Listed Building – Grade II
- Official name: Cenotaph to Matthew Henry on Grosvenor Street Roundabout
- Designated: 6 August 1988
- Reference no.: 1376328

= Cenotaph to Matthew Henry =

The Cenotaph to Matthew Henry stands on a roundabout opposite the entrance to Chester Castle, Chester, Cheshire, England. It contains a medallion by Matthew Noble, and is recorded in the National Heritage List for England as a designated Grade II listed building.

==History==

Matthew Henry (1662–1714) was a Presbyterian minister, preacher and writer, who founded the Presbyterian Chapel in Trinity Street, Chester. In 1858 a public meeting was held, chaired by the Mayor of Chester, to invite subscriptions to a memorial fund in the name of Matthew Henry. This was intended to provide a statue near Chester Castle, to produce a cheap edition of Henry's commentary on the Bible, and to create a scholarship in his name at Oxford University. However, there was a problem because after Henry's death, in about 1750, the Trinity Street Chapel had become Unitarian, and it was decided that the Unitarians should be excluded from taking part in the fund raising. As a consequence, subscriptions came in very slowly, and it was decided that, rather than a statue, the memorial should consist of an obelisk. The obelisk was to be erected in the churchyard of St Bridget's Church, the site being provided free of charge by the rector. The architect was Thomas Harrison, and the sculptor of the bronze portrait medallion was Matthew Noble; both gave their services free. The mason was A. McDonald of Aberdeen, and the total cost came to £267 (equivalent to £ in ). The obelisk was unveiled on 22 August 1860. St Bridget's Church was demolished in 1892, but the obelisk remained in the churchyard until the building of Chester's inner ring road in the 1960s.
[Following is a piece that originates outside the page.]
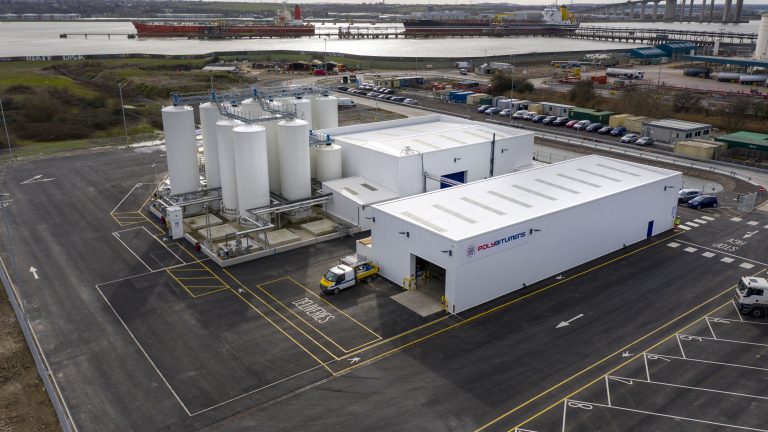 Eurovia UK invests £7m in PolyBitumens plant to enhance the UK highway network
It was then moved to a roundabout opposite the castle.

==Description==

The obelisk is in polished granite and has a height of about 5.8 m. The portrait medallion in bronze is about 5 m high, and is signed "M.NOBLE SC 1860". The obelisk stands on a square base of three sandstone steps. The inscription on the obelisk reads as follows.

MATTHEW HENRY VDM BORN 18TH OCTOBER 1662 DIED 22ND JUNE 1714
INTERRED IN TRINITY CHURCH IN THIS CITY

The statue was designated as a Grade II listed building on 6 August 1998. Grade II is the lowest of the three grades of listing and is applied to "buildings of national importance and special interest".